EXERCISE DIRECTIONS :: Starting with the line that holds "10216 NW 83rd St, Tamarac, FL 33321", repeat each line through the last one below, exactly. Pictures stay out.

(Stored records)
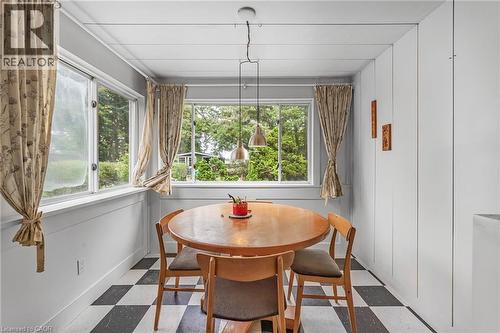 614 Golf Club Road, Hamilton, ON - Indoor Photo Showing Dining Room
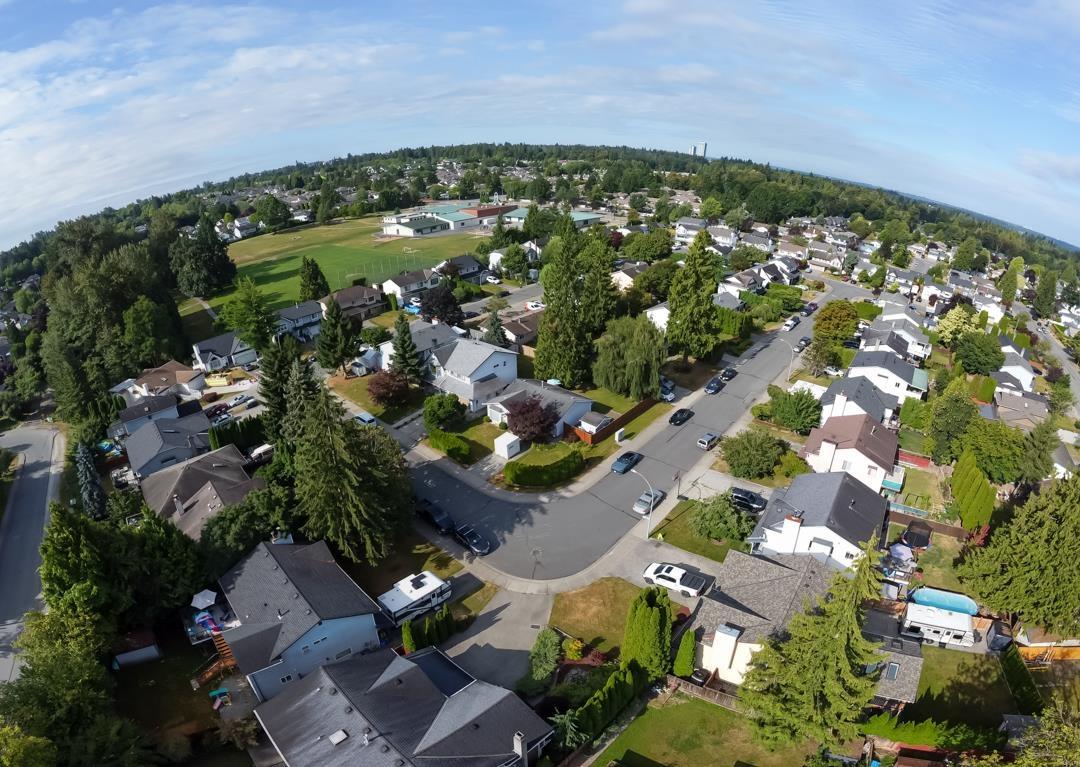 9131 212a Property Photo 29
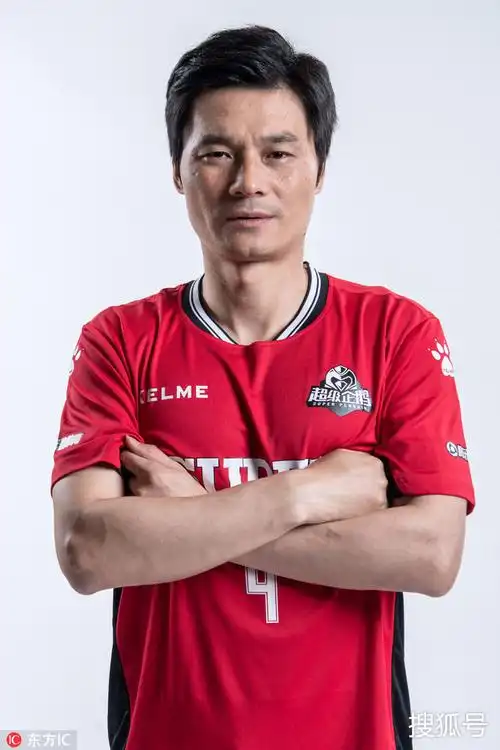 大片来啦范志毅李毅领衔中国明星队拍摄企鹅足球名人赛定妆照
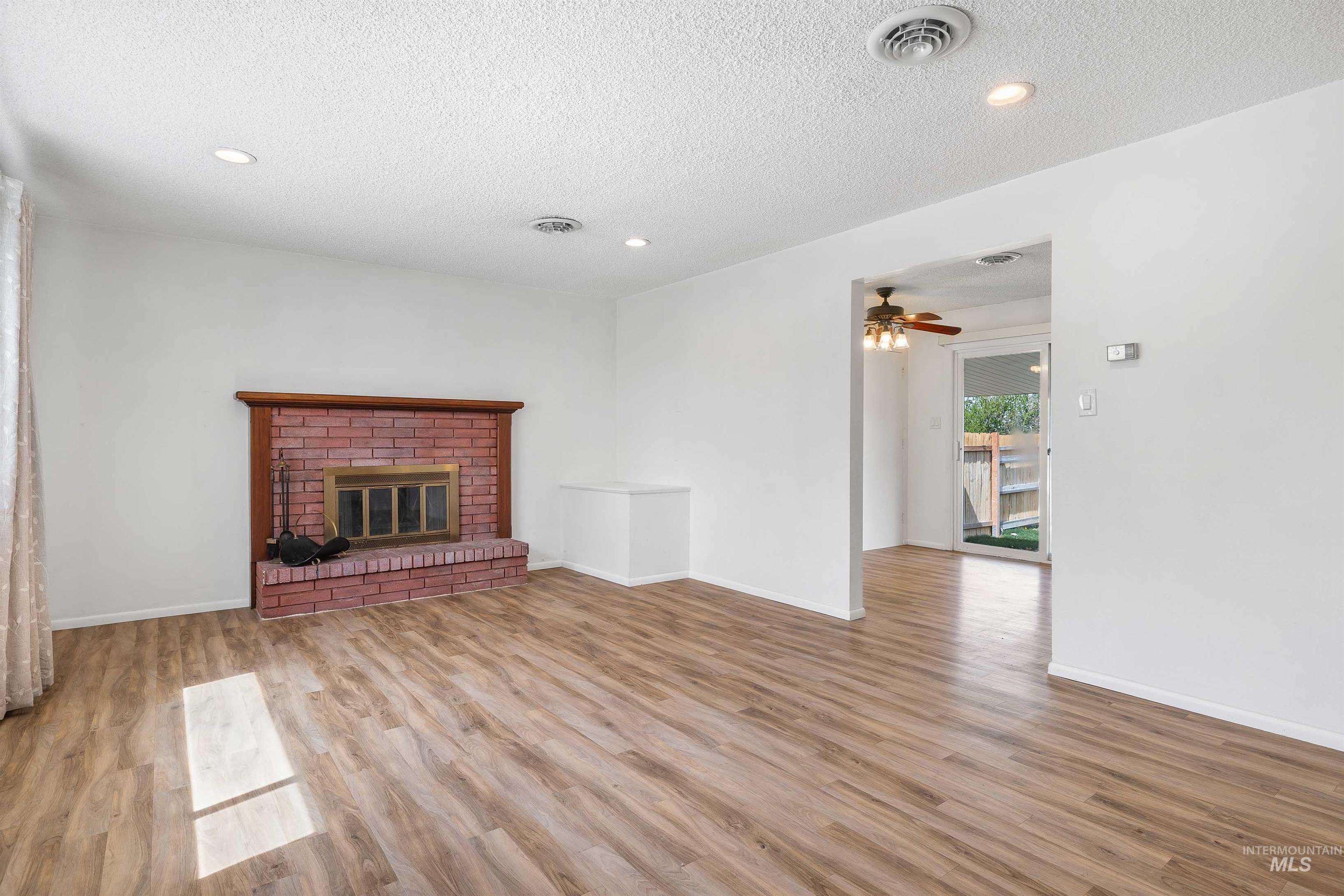 1088 Trotter Dr, Twin Falls, Idaho 83301-6966, 3 Bedrooms, 2 Bathrooms, Residential Income For Sale, Price $420,000,MLS 98980503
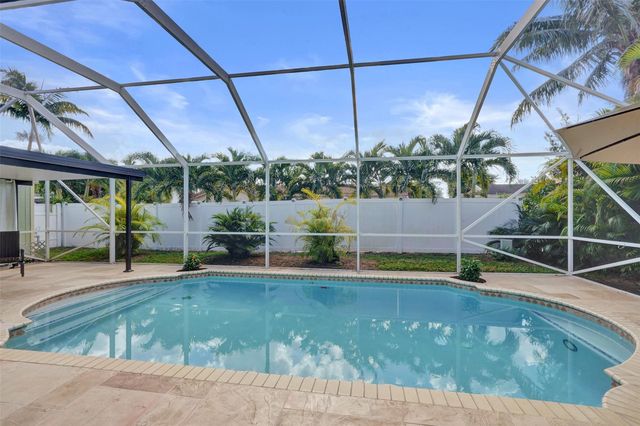 10216 NW 83rd St, Tamarac, FL 33321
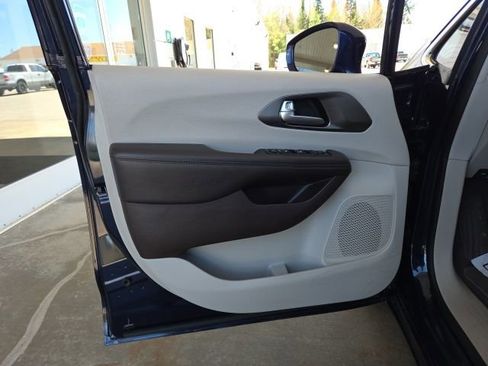 Used 2017 Chrysler Pacifica Touring-L FWD image 37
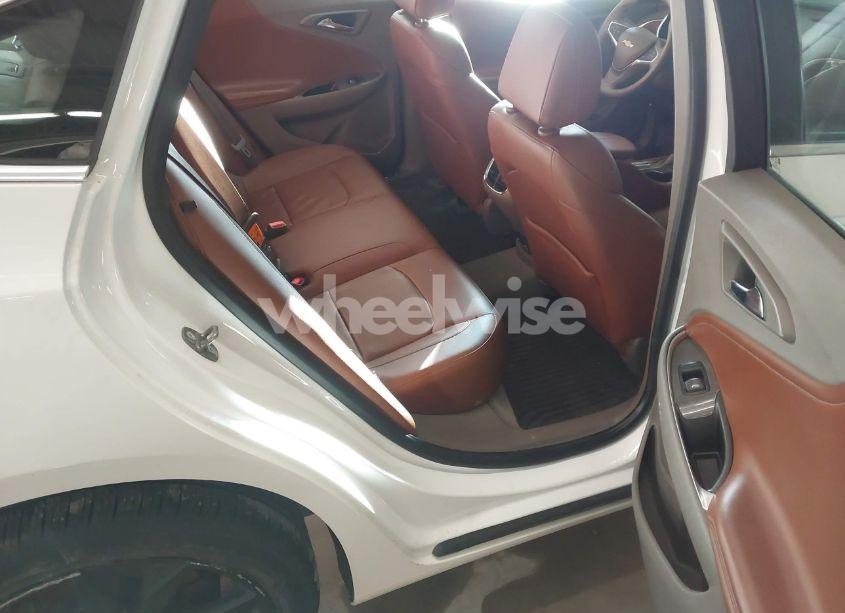 Photo 8 of 2017 Chevrolet Malibu 1LT (VIN 1G1ZE5ST1HF286004)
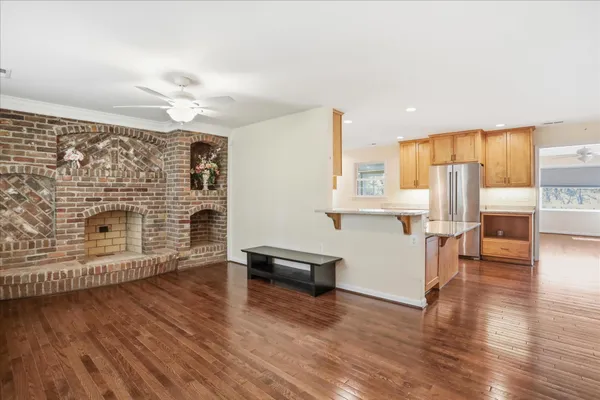 $399,999 | 1116 Summit Avenue, Front Royal, VA 22630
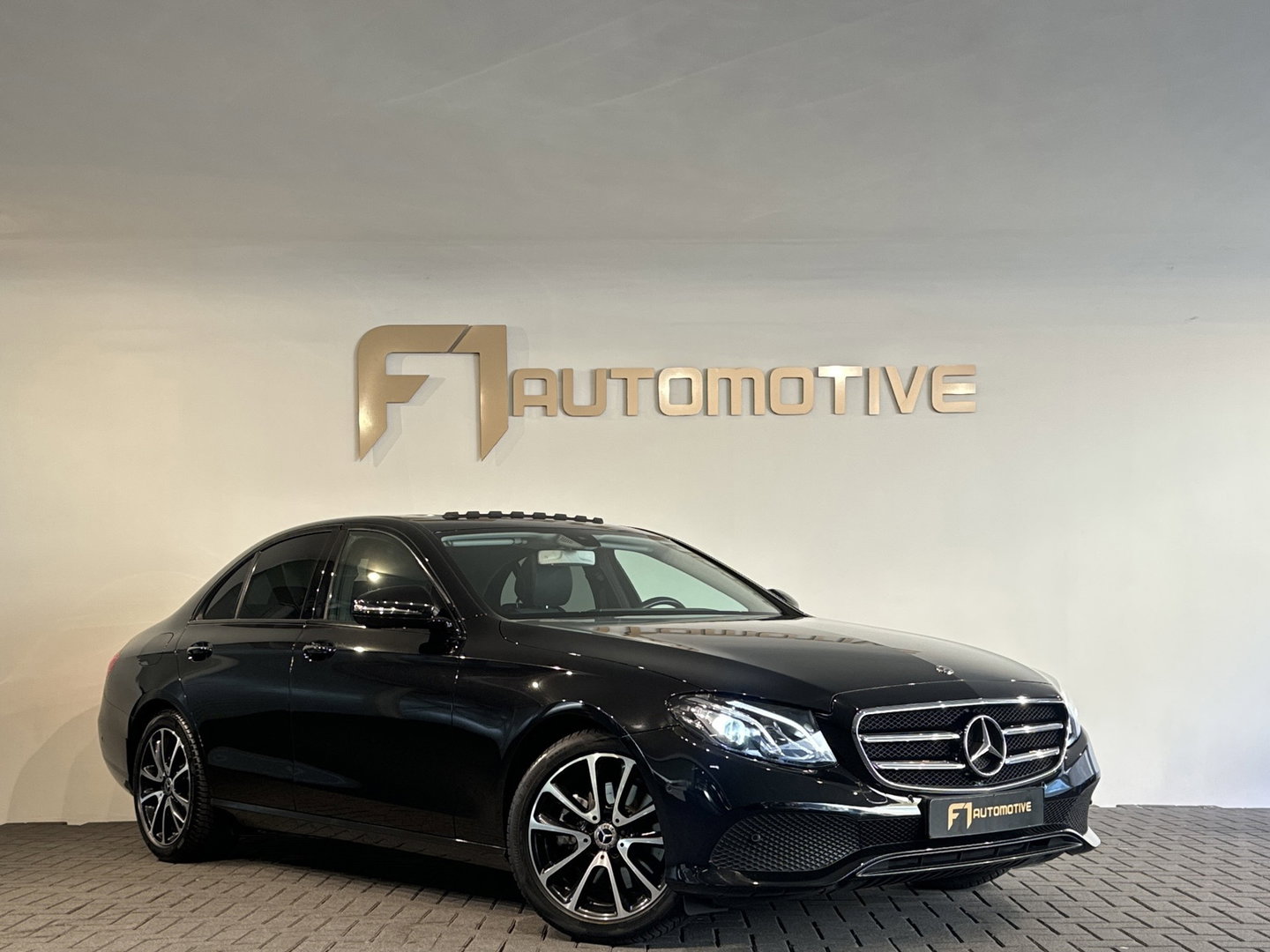 Mercedes-Benz E-Klasse 200 4MATIC Pano|BlindSpot|Cruise Control|Camera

PROBLEM SOLUTION ::
 10216 NW 83rd St, Tamarac, FL 33321
 Used 2017 Chrysler Pacifica Touring-L FWD image 37
 Photo 8 of 2017 Chevrolet Malibu 1LT (VIN 1G1ZE5ST1HF286004)
 $399,999 | 1116 Summit Avenue, Front Royal, VA 22630
 Mercedes-Benz E-Klasse 200 4MATIC Pano|BlindSpot|Cruise Control|Camera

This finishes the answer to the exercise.